Aside from that person's argument about overhauling the reference systems that we use (surely necessary), that "one-click" priority preference is somewhat problematic. It assumes that all information is equal. It does not take into consideration (or dismisses the notion) that information that has not been digitized or that is behind a pay wall may be better or as important information.
Although the argument makes a claim about 'replicability,' what it really seems to be speaking to is the growing expectation of immediacy --- that is, the apparent moral praiseworthiness we can credit authors or publishers who make it possible to click a link to retrieve a full text document versus the apparent moral blameworthiness of not being able to do so (and instead, e.g., having to find information that is "buried in some library").

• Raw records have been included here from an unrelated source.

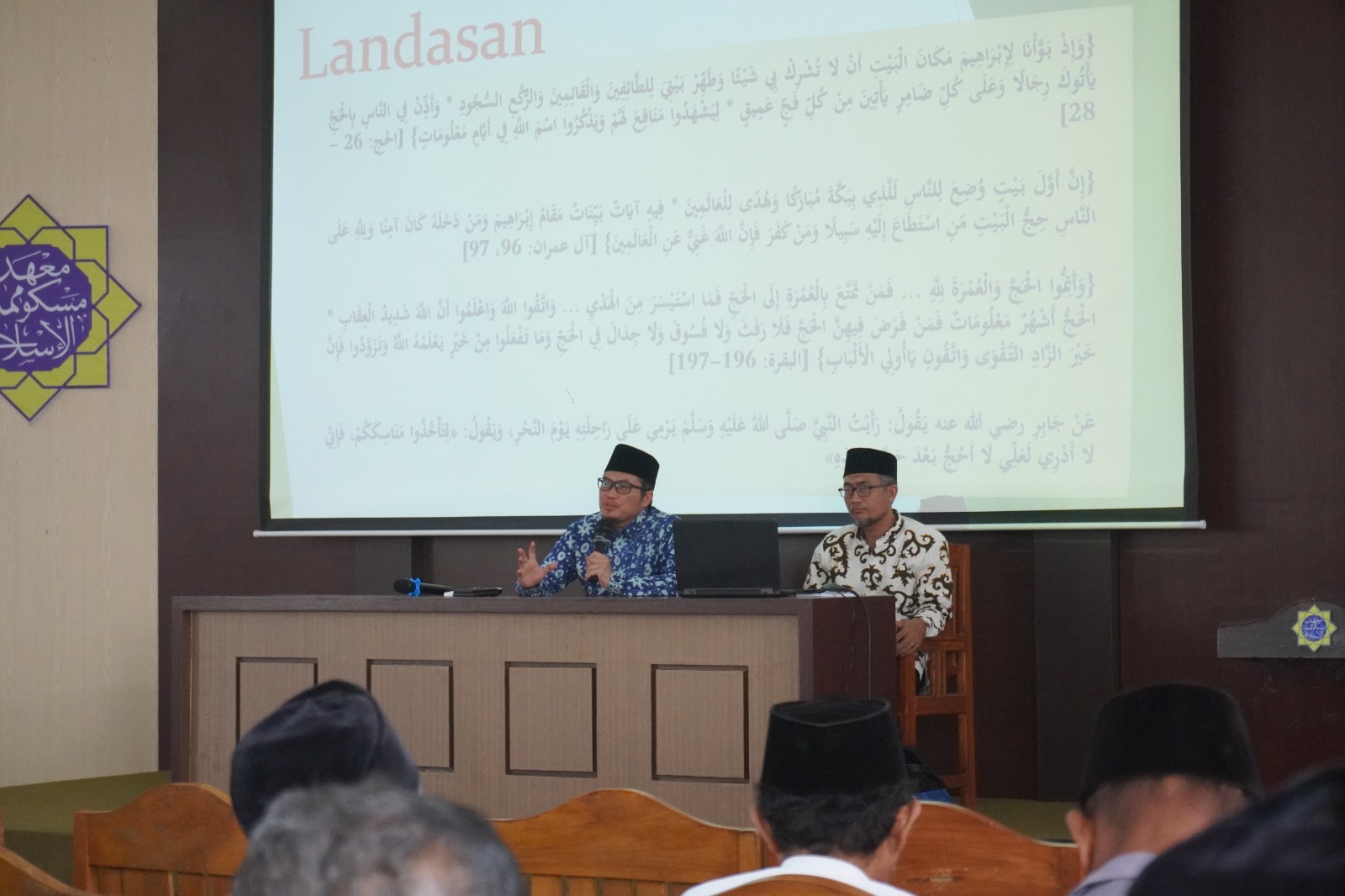 Manasik haji jamaah KBIHU YKUI Maskumambang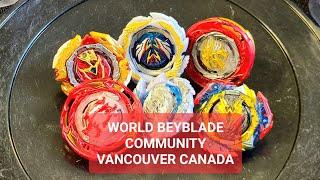 GREATER VANCOUVER BEYBLADERS:DECK MATCH FINALS TRAINING WBO Samuurai Vs ClubAmador2012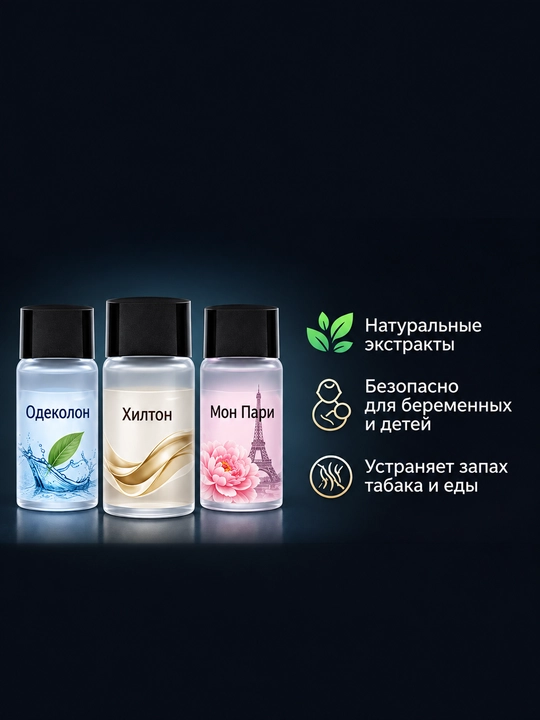 Освежитель для авто, ароматизатор для машины, аромадиффузор, 3 режима, 3 аромата
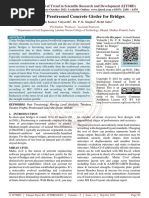 Analysis of Prestressed Concrete Girder For Bridges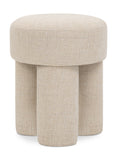 Larson Beige Polyester Fabric Ottoman/Stool 100Beige Meridian Furniture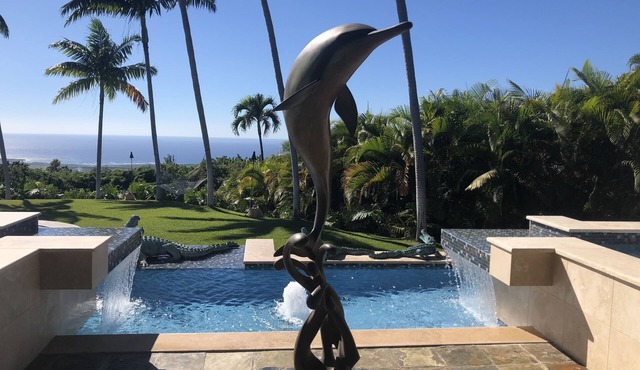 Breathtaking Kona Estate. Panoramic Ocean Views, Waterfalls, Pool and Spa.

Personally, I do look forward to the day when most if not all scientific or scholarly material is freely available as open access, but until that time comes, it seems to me that there would be some serious [moral and practical] implications if researchers intentionally only read and cited literature that is available with a single click of a button and ignored all the rest (as if the tendency to favor reporting positive findings is the only kind of bias that can exist).
Rather, the search and retrieval of good information might best be served by the same kind of activity that P. W. Bridgman described in 1955, that Gerald Holton picked up on in 1994, and that Susan Haack continued in 2003/07 about the scientific method --- that "it is nothing more than doing one's damnedest [...], no holds barred" (Bridgman, p. 534; Holton, p. 78; Haack, p. 24).